The atmosphere seems hectic, but everyone is in a jovial mood. There are long lines waiting outside for brunch, people bundled up and laughing, soaking in the unmistakable Chinatown air. Inside, tables are filled with hungry patrons – some are gesturing to catch the attention of the cart ladies, some are quickly downing the bite-size goodies with chopsticks. You hear loud conversations, the ting of metal carts, the plop of wooden steamer baskets. More laughter, more orders, more food.
Welcome to dimsum brunch in Chinatown.
Have you ever had dimsum? Dimsum is a Chinese dish involving small portions of food – usually dumplings, steamed dishes, and other savory items. They’re little bites meant for sharing, tapas-style, served in little baskets or little plates. In Chinatown cities across the America, dimsum is most often served during the weekends, from 8 am to 2 pm, thus becoming dimsum brunch. And while I’ve never been to China myself, I do know that in Asia, Chinese dimsum is served throughout the day.
Hei La Moon is one of the top three restaurants I always hear about from my dimsum-expert friends (and by dimsum-experts, I mean fellow Asians and one uber-authentic source, my Chinese friend John). The other two restaurants are China Pearl and Chau Chow City. Now remember, we’re in Chinatown so don’t expect any hoity toity service or even you know, clean bathrooms. But I digress.
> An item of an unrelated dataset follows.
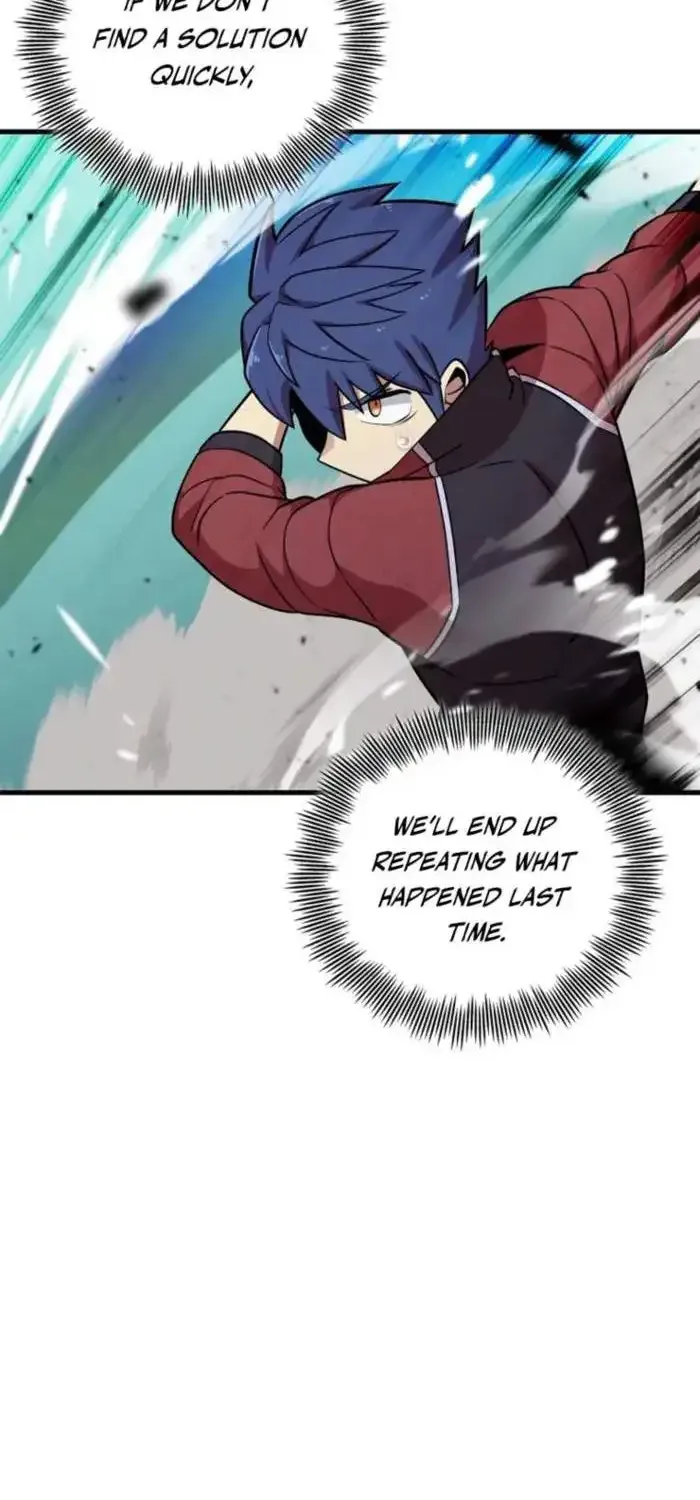 Read Enrolling Was a Mistake chapter 36 image 48 on Lezhin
Once you’re in the restaurant, expect organized chaos. You’ll quickly be ushered to your table, and then the fun begins.
The cart ladies will come whizzing by with delicious offerings, and when they come to your table they will explain what they have in their carts. Unfortunately they mostly explain things in Chinese. You should just pretend to understand, ask some basic questions if you like (“Pork? Chicken? Shrimp? Sweet? Spicy?”) but my recommendation is to go with your gut and salivating mouth and just point to whatever dish you want to try. They then stamp your little ticket, plop down your order, and proceed to the next table.
In the Philippines, these are called siopao and the filling is called asado, which is tender pork cubes in a sweetish barbeque-like sauce (made with soy sauce, oyster sauce, and other secret ingredients). My favorite kind of steamed bun is the one filled with a meatball – in the Philippines it is called bola bola – but I don’t know if Hei La Moon had it because I couldn’t quite express myself to the cart lady (“Pork? Ball? Meatball?”).
(But note that they offer the fried savory dishes with the fried/baked desserts, such as the egg tart in the corner above)
It’s best to go to dimsum brunch with a bigger group of friends (there were five of us last weekend); that way you can try a lot of different dishes! The only problem is that you might go a little a crazy and order too many small plates (but is that really a problem?) and then you’ll hardly have room for dessert…
Fortunately, I ALWAYS have room for dessert:
I looked it up on the interwebs and it is called jin deui, but I know it as buchi (from the Philippines, of course).
I usually don’t like warm desserts, but I almost alienated my friends by hogging this whole plate. It was so very, very good.
Dimsum brunch was a success (and by success I mean happy bellies, tighter pants). We enjoyed the bustling pace, the multitude of choices, and the fun, rambunctious appeal of Chinatown. It was also great that the dimsum brought back so many memories of home for me. It felt like a special adventure, and one I would like to do again soon. Now if only I can understand Chinese.
Do you have any particular favorites in your Chinatown?